Data provided –
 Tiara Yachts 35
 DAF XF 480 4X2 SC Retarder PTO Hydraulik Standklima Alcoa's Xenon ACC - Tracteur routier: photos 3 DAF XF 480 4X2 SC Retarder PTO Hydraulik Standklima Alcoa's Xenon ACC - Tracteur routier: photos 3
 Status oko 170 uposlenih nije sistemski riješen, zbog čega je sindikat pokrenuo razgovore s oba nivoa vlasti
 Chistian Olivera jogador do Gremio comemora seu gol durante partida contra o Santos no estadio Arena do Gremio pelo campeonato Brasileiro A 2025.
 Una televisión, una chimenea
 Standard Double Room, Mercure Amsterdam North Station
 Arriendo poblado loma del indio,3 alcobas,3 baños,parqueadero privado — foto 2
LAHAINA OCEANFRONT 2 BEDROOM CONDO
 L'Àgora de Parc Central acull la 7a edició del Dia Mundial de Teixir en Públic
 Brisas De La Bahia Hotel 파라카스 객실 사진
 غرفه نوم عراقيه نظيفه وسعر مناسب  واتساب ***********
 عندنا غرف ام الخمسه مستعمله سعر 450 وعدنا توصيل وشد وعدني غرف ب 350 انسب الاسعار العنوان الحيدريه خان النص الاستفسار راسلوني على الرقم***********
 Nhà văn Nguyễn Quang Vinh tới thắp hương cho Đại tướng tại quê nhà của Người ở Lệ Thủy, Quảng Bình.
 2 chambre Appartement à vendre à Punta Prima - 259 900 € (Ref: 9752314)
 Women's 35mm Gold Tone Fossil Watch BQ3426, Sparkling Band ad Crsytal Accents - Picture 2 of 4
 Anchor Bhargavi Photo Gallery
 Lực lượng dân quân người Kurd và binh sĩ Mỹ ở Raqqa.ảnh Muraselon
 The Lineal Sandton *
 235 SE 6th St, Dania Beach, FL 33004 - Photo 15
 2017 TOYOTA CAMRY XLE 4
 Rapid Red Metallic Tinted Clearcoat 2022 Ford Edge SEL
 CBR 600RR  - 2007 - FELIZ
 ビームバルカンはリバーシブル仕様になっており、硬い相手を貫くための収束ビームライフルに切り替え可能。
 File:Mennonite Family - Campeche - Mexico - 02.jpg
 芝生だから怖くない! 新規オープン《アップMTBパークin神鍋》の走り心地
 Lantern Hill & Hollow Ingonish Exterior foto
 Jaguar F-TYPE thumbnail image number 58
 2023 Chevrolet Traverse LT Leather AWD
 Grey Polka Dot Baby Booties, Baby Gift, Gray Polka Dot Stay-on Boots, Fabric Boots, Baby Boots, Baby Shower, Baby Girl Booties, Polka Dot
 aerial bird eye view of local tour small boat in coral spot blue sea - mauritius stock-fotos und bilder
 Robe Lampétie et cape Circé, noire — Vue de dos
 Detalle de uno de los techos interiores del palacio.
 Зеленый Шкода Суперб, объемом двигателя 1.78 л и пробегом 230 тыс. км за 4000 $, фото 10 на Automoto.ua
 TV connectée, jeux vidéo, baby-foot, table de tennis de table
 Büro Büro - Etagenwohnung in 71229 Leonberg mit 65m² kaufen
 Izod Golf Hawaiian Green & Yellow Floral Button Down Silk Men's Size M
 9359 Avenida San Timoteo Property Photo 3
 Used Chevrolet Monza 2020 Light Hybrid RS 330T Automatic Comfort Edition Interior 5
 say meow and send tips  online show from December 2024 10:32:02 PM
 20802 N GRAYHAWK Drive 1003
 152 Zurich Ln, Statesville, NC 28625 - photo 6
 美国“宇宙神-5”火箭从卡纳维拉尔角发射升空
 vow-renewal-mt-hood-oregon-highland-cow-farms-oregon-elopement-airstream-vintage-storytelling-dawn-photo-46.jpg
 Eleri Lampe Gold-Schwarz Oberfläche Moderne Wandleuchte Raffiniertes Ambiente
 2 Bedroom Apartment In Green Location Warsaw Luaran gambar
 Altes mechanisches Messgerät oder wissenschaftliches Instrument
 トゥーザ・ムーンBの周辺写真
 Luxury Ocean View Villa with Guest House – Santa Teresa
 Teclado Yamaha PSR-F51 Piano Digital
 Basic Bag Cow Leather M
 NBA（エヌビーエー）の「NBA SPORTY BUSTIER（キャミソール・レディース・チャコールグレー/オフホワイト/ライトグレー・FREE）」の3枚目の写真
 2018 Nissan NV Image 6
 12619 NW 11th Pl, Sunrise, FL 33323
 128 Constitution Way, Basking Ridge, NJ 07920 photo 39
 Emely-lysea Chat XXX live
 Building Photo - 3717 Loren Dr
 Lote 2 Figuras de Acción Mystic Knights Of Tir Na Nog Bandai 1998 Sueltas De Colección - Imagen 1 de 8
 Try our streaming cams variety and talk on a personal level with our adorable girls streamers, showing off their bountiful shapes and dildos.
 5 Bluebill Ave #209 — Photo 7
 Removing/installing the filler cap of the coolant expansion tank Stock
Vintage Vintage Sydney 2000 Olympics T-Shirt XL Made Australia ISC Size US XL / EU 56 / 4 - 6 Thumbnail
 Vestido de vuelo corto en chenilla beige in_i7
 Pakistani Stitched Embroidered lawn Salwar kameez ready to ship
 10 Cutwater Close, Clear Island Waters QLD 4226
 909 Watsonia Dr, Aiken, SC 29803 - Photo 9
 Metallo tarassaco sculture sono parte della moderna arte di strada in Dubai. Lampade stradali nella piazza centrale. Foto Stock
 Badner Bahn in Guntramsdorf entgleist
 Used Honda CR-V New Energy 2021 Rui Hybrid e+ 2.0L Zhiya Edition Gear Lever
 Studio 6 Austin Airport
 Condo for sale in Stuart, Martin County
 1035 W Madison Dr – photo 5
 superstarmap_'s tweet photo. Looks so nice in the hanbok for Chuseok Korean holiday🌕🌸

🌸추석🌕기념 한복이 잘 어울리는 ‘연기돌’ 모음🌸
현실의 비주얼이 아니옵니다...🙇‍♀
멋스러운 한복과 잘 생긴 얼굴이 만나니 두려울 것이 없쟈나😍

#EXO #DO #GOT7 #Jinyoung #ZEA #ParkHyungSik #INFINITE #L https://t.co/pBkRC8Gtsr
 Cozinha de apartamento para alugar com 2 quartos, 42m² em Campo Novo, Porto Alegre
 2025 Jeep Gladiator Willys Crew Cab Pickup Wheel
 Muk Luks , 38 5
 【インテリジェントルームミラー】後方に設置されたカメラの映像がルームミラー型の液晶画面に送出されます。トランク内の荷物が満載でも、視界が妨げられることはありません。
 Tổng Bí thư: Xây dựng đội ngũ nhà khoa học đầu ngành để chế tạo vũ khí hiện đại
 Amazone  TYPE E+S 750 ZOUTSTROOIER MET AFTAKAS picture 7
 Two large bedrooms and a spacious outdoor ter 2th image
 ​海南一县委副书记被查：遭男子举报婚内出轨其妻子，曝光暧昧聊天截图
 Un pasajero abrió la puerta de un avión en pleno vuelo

What you have to do –
Only the lines containing "Green" are needed; copy each of them from the data.

Task answer –
 Izod Golf Hawaiian Green & Yellow Floral Button Down Silk Men's Size M
 2 Bedroom Apartment In Green Location Warsaw Luaran gambar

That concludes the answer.